Mercedes drivers Lewis Hamilton and George Russell collided at the start before Max Verstappen went on to dominate the Qatar Grand Prix.
The crash caused Hamilton’s retirement and dropped Russell to the back of the field, from where he fought back in impressive fashion to finish fourth.
McLaren’s Oscar Piastri and Lando Norris took second and third after holding position in the final stages.
Verstappen was in total control after clinching his third title on Saturday.
The Dutchman led throughout from pole position, although he did lose the lead after his first stop, mandated by rules restricting tyre mileage as a result of safety concerns.
All the teams were restricted to a maximum of 18 laps on each set of tyres after Pirelli discovered its product was vulnerable to failure at high speed over the kerbs at the Lusail circuit.
That led to a staccato race in which it took time for the order to settle down, all drivers forced to make at least three pit stops by the tyre-mileage limits.
Williams’ Alex Albon led the race after Verstappen had made his first pit stop, a situation partly influenced by an early safety car deployed to recover Hamilton’s damaged Mercedes.
But as the strategies evened out over a race distance, Ferrari’s Charles Leclerc took fifth place behind Verstappen, Piastri, Norris and Russell.
Leclerc capitalised on an error by Aston Martin’s Fernando Alonso, who ran wide off the circuit at about half distance and lost out to the Ferrari.
Alonso, struggling with a seat that was burning him, held on for sixth ahead of Alpine’s Esteban Ocon and Alfa Romeo’s Valtteri Bottas.

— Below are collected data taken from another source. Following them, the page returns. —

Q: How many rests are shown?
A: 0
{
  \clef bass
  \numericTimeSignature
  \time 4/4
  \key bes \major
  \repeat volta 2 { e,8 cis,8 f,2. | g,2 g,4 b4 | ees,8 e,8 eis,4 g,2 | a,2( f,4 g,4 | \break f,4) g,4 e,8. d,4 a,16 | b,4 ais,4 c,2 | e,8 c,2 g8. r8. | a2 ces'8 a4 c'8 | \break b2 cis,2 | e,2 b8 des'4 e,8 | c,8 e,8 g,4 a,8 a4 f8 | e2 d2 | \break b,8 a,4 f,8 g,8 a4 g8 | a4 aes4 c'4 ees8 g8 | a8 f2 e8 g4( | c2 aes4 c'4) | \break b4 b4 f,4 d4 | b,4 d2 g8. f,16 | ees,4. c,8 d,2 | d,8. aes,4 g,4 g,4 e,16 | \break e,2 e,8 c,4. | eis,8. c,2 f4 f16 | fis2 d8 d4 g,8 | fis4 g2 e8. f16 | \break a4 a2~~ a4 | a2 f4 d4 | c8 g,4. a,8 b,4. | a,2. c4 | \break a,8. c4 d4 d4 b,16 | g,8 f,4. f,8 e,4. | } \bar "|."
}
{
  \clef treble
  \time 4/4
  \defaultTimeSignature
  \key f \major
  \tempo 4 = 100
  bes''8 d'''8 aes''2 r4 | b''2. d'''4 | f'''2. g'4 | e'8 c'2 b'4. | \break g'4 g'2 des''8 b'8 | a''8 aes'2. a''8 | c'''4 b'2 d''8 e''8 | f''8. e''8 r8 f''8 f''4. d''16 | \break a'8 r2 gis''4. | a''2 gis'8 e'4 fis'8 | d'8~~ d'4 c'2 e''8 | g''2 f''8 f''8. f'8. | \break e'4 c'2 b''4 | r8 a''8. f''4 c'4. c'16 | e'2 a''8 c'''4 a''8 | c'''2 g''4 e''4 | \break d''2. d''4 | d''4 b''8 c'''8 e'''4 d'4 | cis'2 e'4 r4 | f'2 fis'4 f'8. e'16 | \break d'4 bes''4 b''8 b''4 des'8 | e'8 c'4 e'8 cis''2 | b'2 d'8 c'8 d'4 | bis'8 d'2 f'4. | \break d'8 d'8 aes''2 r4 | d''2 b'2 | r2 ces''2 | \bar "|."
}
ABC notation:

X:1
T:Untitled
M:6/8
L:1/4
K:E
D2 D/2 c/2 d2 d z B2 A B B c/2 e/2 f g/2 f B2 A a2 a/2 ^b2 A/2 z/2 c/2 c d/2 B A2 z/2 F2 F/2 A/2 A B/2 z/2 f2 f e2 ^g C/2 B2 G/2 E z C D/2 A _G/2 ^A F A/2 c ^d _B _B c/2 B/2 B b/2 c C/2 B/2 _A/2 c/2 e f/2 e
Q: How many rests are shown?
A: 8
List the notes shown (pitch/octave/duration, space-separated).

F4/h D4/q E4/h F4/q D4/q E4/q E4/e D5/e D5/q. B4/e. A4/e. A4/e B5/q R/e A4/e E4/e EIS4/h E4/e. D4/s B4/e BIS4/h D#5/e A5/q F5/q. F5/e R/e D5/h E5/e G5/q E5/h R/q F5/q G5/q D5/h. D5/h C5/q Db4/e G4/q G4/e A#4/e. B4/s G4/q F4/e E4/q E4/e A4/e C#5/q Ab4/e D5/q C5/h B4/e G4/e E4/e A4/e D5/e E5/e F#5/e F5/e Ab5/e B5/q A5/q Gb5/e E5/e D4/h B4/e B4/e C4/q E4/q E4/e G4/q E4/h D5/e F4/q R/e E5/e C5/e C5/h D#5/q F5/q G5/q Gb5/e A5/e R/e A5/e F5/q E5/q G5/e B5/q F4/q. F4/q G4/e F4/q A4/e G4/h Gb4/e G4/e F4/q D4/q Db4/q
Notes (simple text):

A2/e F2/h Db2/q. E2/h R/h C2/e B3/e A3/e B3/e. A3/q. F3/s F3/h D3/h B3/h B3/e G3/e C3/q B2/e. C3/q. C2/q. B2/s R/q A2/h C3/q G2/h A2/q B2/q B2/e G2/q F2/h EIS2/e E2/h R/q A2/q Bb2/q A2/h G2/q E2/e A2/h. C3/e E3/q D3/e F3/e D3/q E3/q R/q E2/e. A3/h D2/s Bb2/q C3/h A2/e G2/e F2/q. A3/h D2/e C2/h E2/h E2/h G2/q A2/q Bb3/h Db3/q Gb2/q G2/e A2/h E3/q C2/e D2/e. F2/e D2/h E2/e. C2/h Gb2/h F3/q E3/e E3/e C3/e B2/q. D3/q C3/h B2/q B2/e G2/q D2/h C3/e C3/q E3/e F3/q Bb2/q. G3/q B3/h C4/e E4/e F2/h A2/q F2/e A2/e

Red Bull’s Sergio Perez finished ninth on the road after starting from the pit lane following a crash in Saturday’s spring, his race hampered by two five-second penalties for exceeding track limits.
But the Mexican’s race was hampered by two five-second penalties for exceeding track limits, the first served at a pit stop and the second imposed at the end, demoting him to 10th behind Alfa Romeo’s Zhou Guanyu.